I’ve never been too fond of the term “overachiever.” Most people who do and achieve more than the average human tend to be something more like over-doers. That sounds a lot more fitting, considering many of the people you see “overachieving” are probably taking Above And Beyond just a little too far.
The combination of Fear Of Missing Out (FOMO), a strong desire to help people and inspire people, and an (I would argue totally normal) dislike for boredom — and some other things I won’t mention now — I have a tendency to commit to many projects simultaneously … and then wonder why I’m so gosh darn tired all the time.
And why I haven’t seen any of the shows or movies everyone is talking about.
Or why I just heard a Billie Elish song for the first time (I had never heard of her until my day job suddenly required me to know who celebrities are and why they are famous).
I like having things to do. Especially writing things. It gives my creative energy somewhere constructive to go, it makes me feel like I’m contributing something to the world. But most importantly, writing commitments are a significant source of social contact in my everyday life. I like getting to know other creative people and share ideas and learn from people who might have more experience or greater/different knowledge than me in certain areas.

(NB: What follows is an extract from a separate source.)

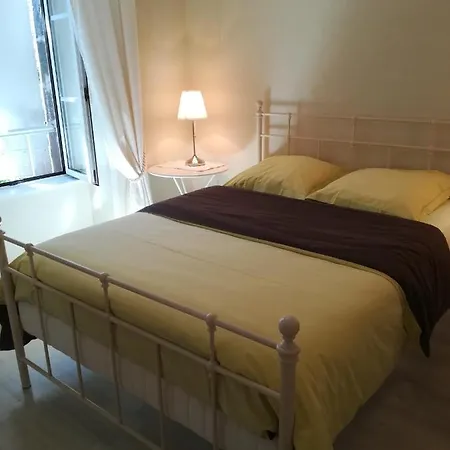La Maison Pres D'aurillac Oda ve Kahvaltı Giou-de-Mamou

But sometimes, doing a lot is not a good thing. It’s not a good thing for the editors waiting until the last minute for my work and it’s not good for my mental health.
Finding balance as a writer — in not just work but also in all the things you want to do in your life — is not easy. In fact, it may not even be possible to ever find perfect balance because things are constantly in motion and you have to learn to adapt to change in an instant.